You know, that below post just serves as an example of what I’m talking about…which is why I’m trying to make it slowly disappear. But, still, as mentioned, it’s not something I would change about myself, so I’ll leave it for now, if only in a less-distinct way.

In other news, after first seeing Fight Club back in ’99, I had to get Tyler’s wardrobe. I was all about the vintage leather jacket and cheezy Hawaiian shirt. I scoured second-hand stores, thrift stores, Salvation Army stores, etc, and always came up largely empty-handed.

Granted, I did end up with a few sufficiently horrid shirts that were just right for the blackjack tables in Vegas (baby, yeah!); but as far as the awesome jacket went, it was a rarity not easily found. Well, a few days ago, I rented Fight Club, and was motivated again to go on my search. I drove all over the Silicon Valley, angling my beater truck between the dichotomy-inducing Lexus SUV’s and BMW Z3’s in sundry low-rent (an oxymoron in this area) neighborhood parking lots, pushing aside blue-haired old ladies when they asked if they could help me, deftly fingering past failed dot-com logo shirts for the meatier vintage clothes, and…

This, normally, would be the point where the music would swell and I would reveal that my long quest had finally ended. Alas, this is real life, and although I’ll have a theme song-playing orchestra to follow me around someday, today I am without; and, therefore, I lack the the ability to pull off the Hollywood ending.
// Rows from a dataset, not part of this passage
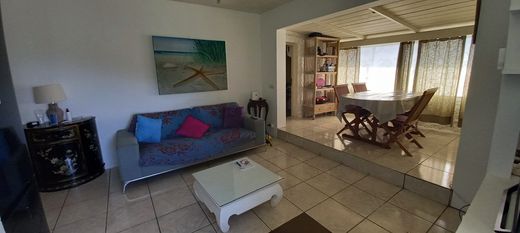 Apartment / Etagenwohnung in Punaauia, Îles du Vent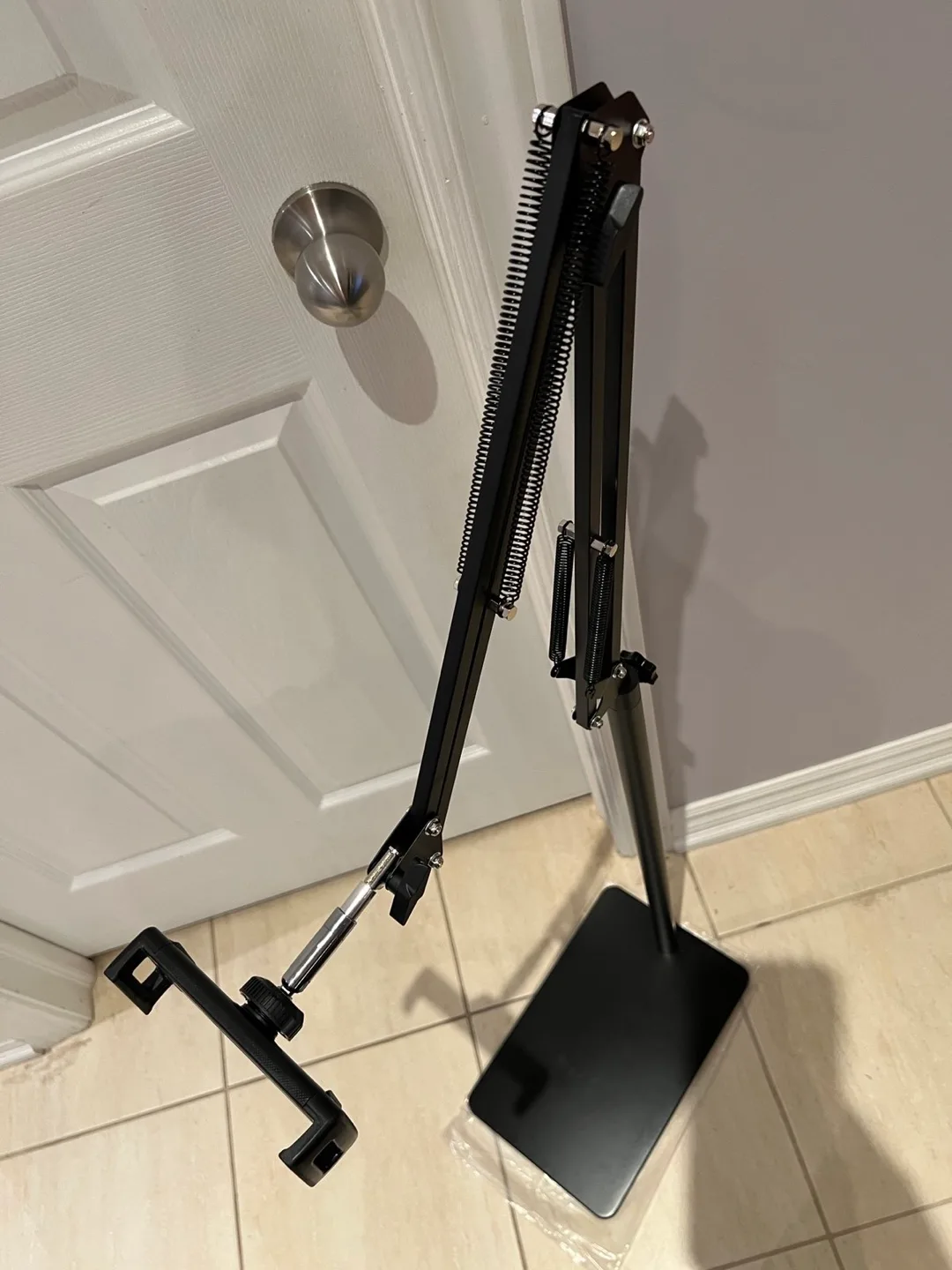 Adjustable Tablet/Phone Floor Stand image indicator(3)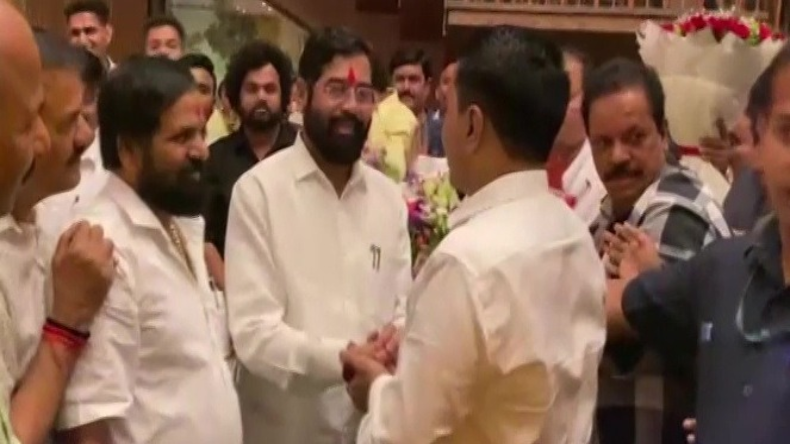 महाराष्ट्र: मंत्री दीपक केसरकर बोले- उद्धव ने खत्म कर दिया बालासाहेब का विचार और स्वाभिमान
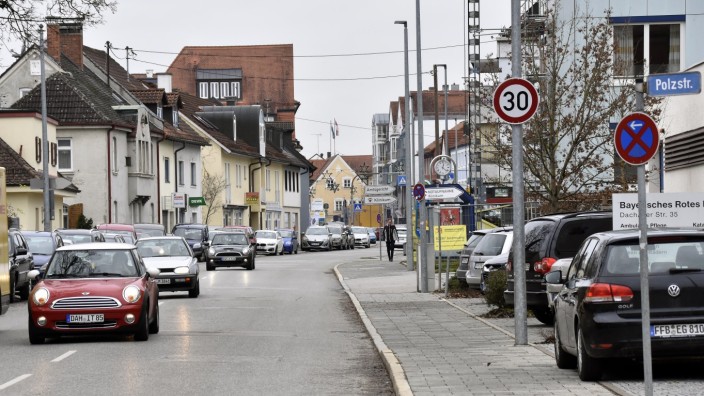 Verkehr: Im Bereich von Kreisklinik und Kindergarten dürfen Autos nun nicht mehr 50 Kilometer pro Stunde fahren, so wie auf dem Rest der Dachauer Straße.
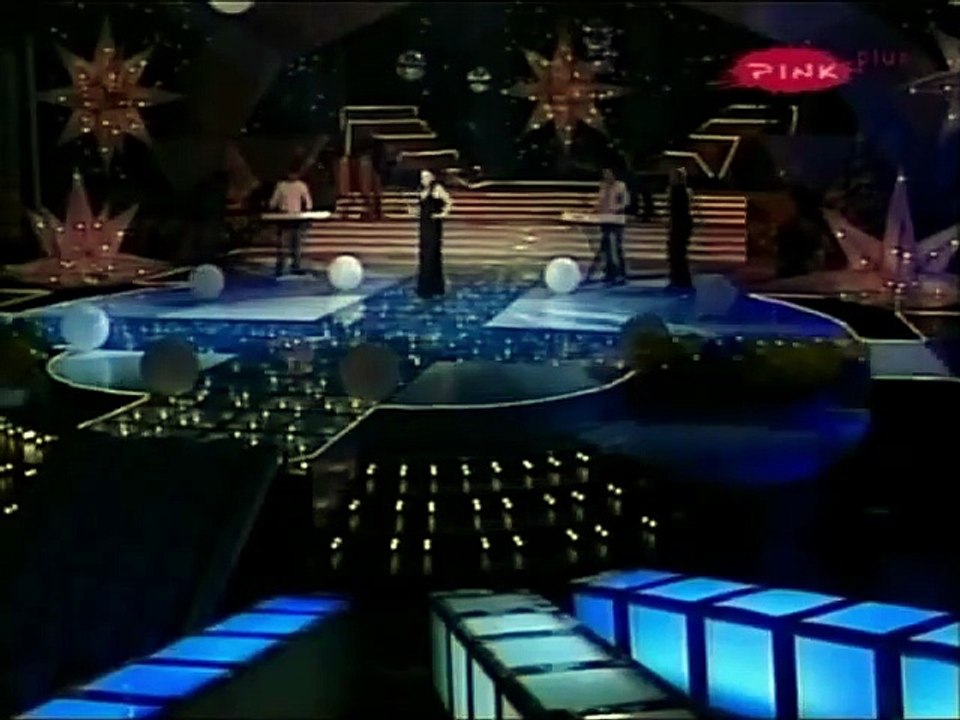 Ceca - Neodoljiv neumoljiv - Novogodisnji show - (TV Pink 2007)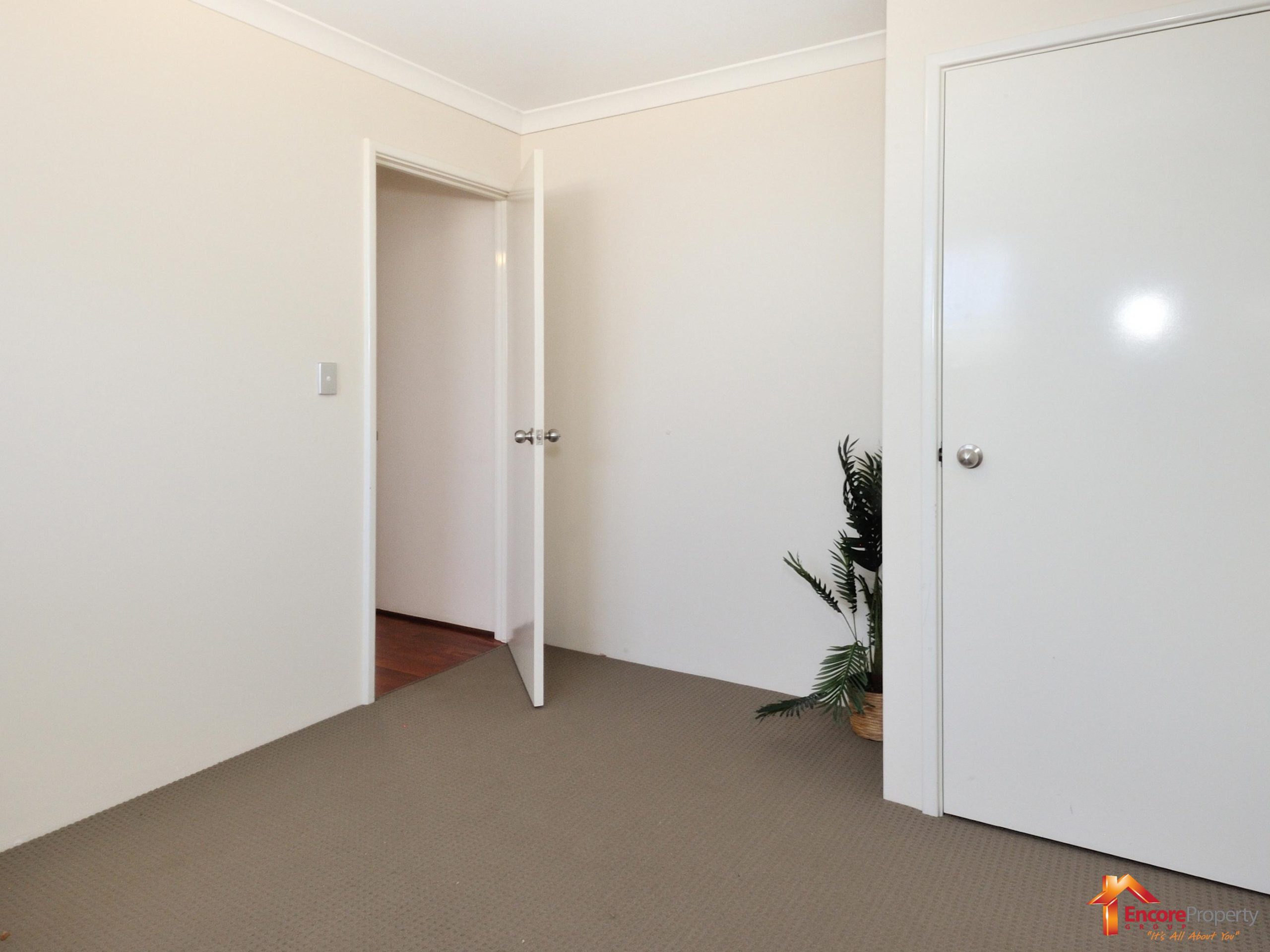 43 Gemstone Parade, WELLARD, WA 6170 AUS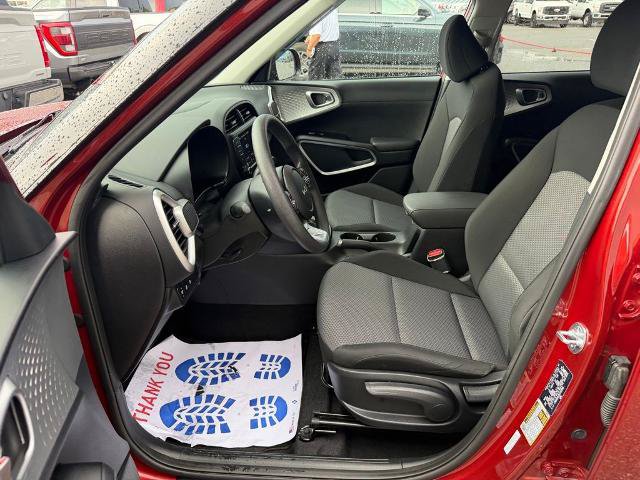 Used 2025 Kia Soul LX w/ LX Technology Package FWD image 11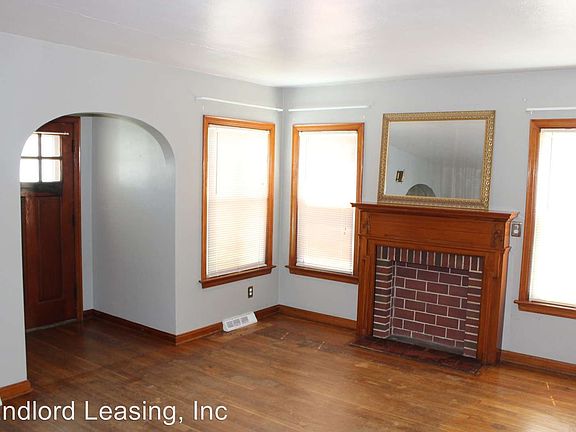 2nd image of 2809 N Jefferson Blvd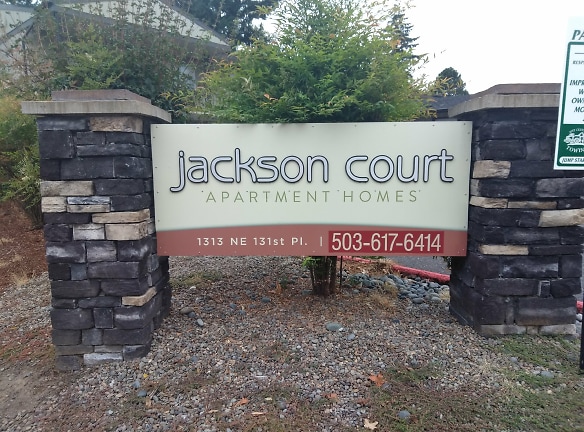Jackson Court Apartments - Portland, OR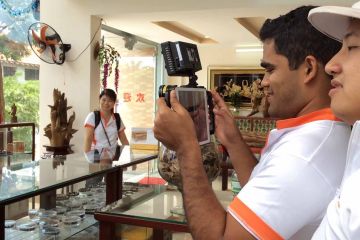 travel show creative team building activity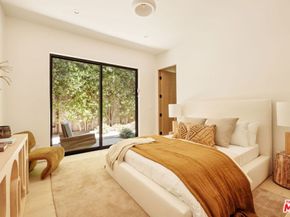 636 N Laurel Avenue, Los Angeles CA 90048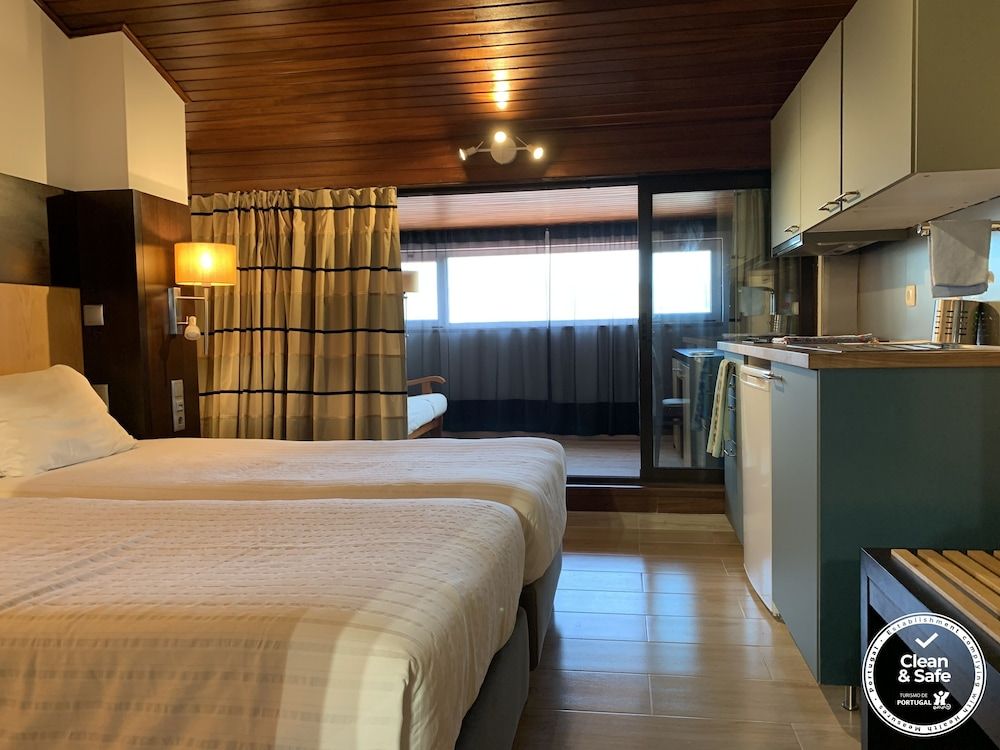 Discovery Apartment Carnaxide Estdio com Saleta 4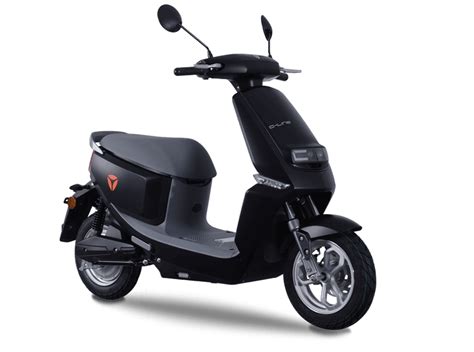 The Best Electric Mopeds Available In 2023 (so far)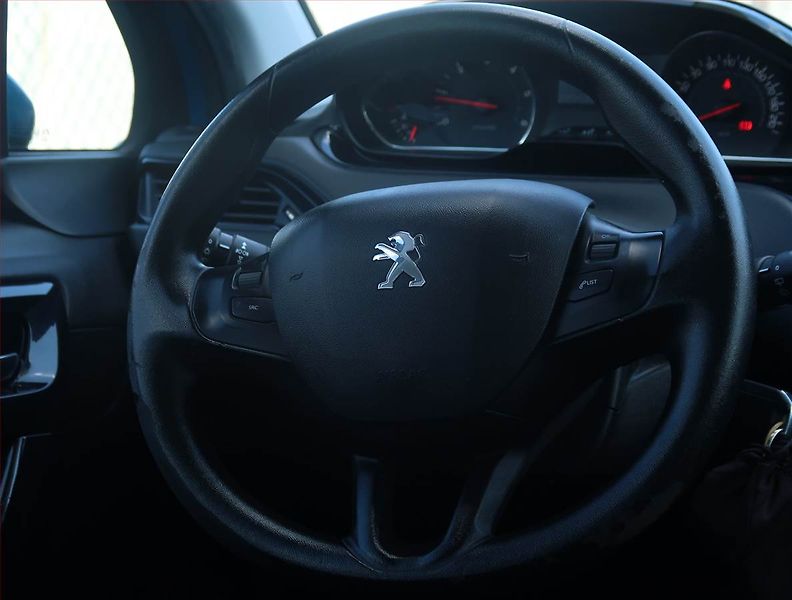 Peugeot 208 (2012) 1.4 HDI, po STK, zamluveno - fotka 15 z 16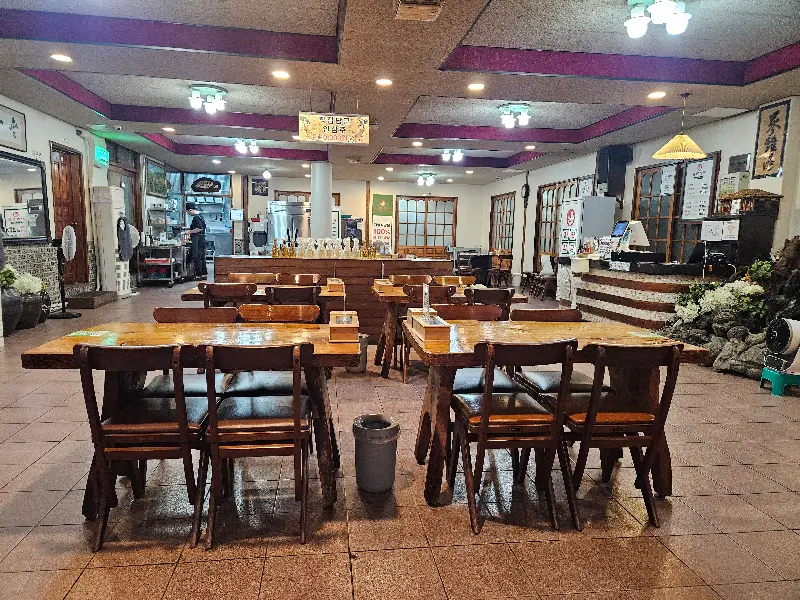 넓고 깔끔한 자양식당 내부
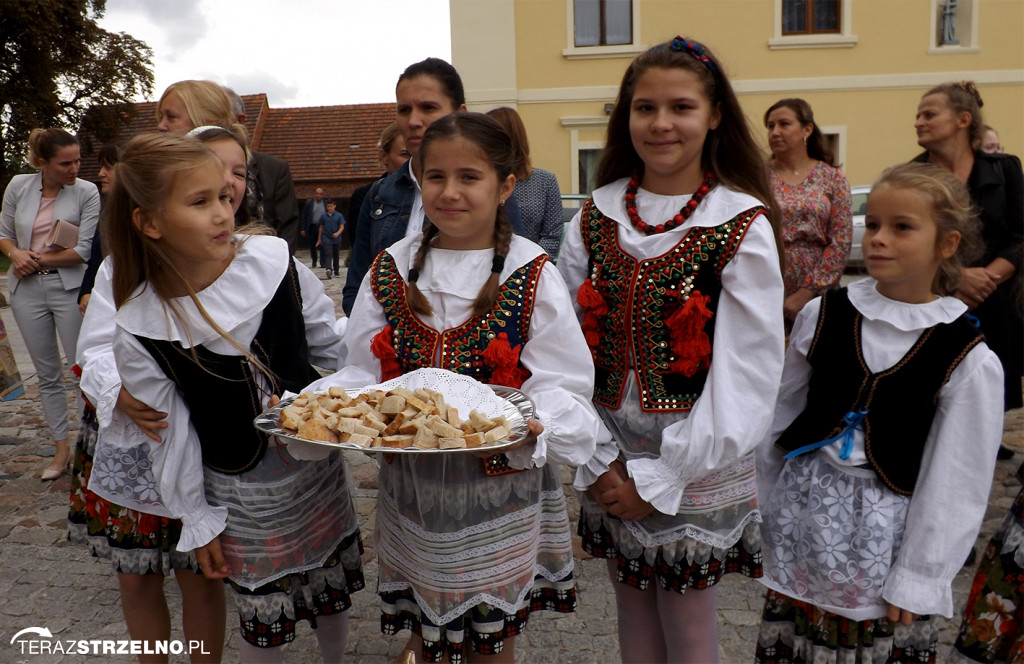 DOŻYNKI GMINNO- DIECEZJALNO- PARAFIALNE w STRZELNIE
I did, however, find this shirt, and I think you’ll agree it’s rad (at least the nice blue-haired lady that rung it up for me thought so). It’s hard to tell, but you will be delighted to see upon closer inspection that it has not one, not two, but four pockets, as well as some pretty sharp pimp-striping. The full ensemble remains elusive, but I’m getting some success going my own way, too.